Still, I'm not sure if PC should play golf. Though I may not have a lot of control over this, I want him to play soccer, or basketball, or something other than golf as he grows up. Why? One of the odd things I've experienced when I self-identify as a golf nut is the many many stereotypes of golfers--rich, snobby, elitist, and even racist. Some of these are true. The game has not been the most socially progressive sport. In fact, it's been a socially regressive sport. The PGA Tour, for example, had a "Caucasians Only" clause until 1962. Since Tiger Woods, of course, golf (and Nike) has been on one gigantic public relations campaign designed to do away with this "whites only" image, and perhaps it's worked a little. When you look at galleries of TV golf tournaments there are more brown and black faces, but if you look around your local course (esp. if you live in the South) you will probably notice that the housekeeping staff and the pro shop staff are racially homogeneous. The whites are in the positions of power and the blacks clean up, by and large. The vestiges of the "whites only" clause are still visible in 2007.
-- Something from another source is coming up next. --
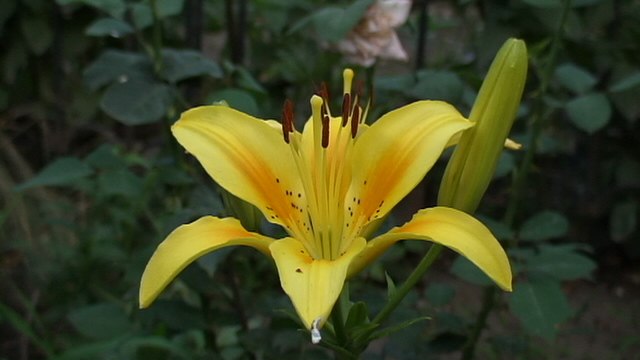 Александр Абросимов | Запорожье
But it's the cost of playing golf that keeps so many people out of golf, not overt racism. When people assume this golfer is the rich/elitist/white snob they associate with the game, I often find myself talking about where I grew up playing, a nine-hole municipal course that allowed kids to play for about $100 a summer. That course, and the Minnesota town around it, was lily-white and not all that elitist. Bus drivers, school teachers, salesmen of many kinds, and the few practicing attorneys all played there. My dad was a cop and we could afford my membership---it was the Christmas gift I looked forward to most. Sure, there are class divisions in small town Minnesota, but the golf course never seemed to emphasize those. The more prominent hierarchy there was based on skill, which is why so many kids like me were allowed to play there from an early age. We'd become good junior players and could stand up to adult restrictions on us because we could beat many of them.
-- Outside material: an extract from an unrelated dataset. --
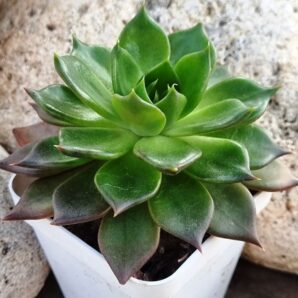 Echeveria Black Prince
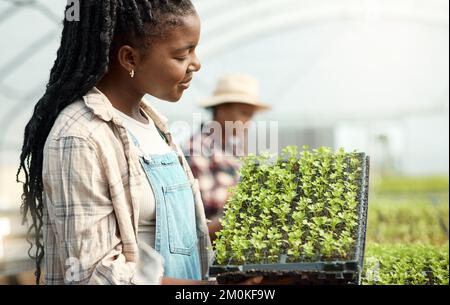 Junge Farmer, die ihre Setzlinge überprüfen. Ein afroamerikanischer Bauer, der ein Tablett mit wachsenden Setzlingen in der Hand hält. Ein Bauer, der Kräuter in einem Garten anbaut. Bauer arbeitet Stockfoto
The cost: on average, it's close to $40 to play eighteen holes here and there's no guarantee that PC will be able to afford that, or that we'll be able to afford it for him. Moreover, there are very few municipal courses where you can actually buy a membership for a reasonable price, and therefore save on the per-round cost, which is a problem because the only way to get good at golf is to play a LOT. The private courses have steep initiation fees in addition to ongoing costs, not to mention the fact that in many cases you have to know someone and rely on that someone to invite you to become a member. It's a "club," after all.
I'm trying not to write a bitter entry here. It's just that sports like soccer or basketball, which have low equipment costs and fewer social restrictions, are beginning to look far more attractive to me. If you play soccer as a kid, you'll get an unbelievable cardiovascular workout and you'll be able to play almost wherever you go and for many, many years. There are pickup games all over the place in most towns, there are leagues to join, and all it really takes is the willingness to put your spikes on and find the soccer nuts. They are out there.
I don't play soccer and I'm not particularly well built for it. I don't understand the rules that well. But if PC wants to play it, I'm going to buy him some Umbro shorts, drive him to the field, and probably yell my head off. And if he wants to golf, we'll try that, too, but it will not be our first choice.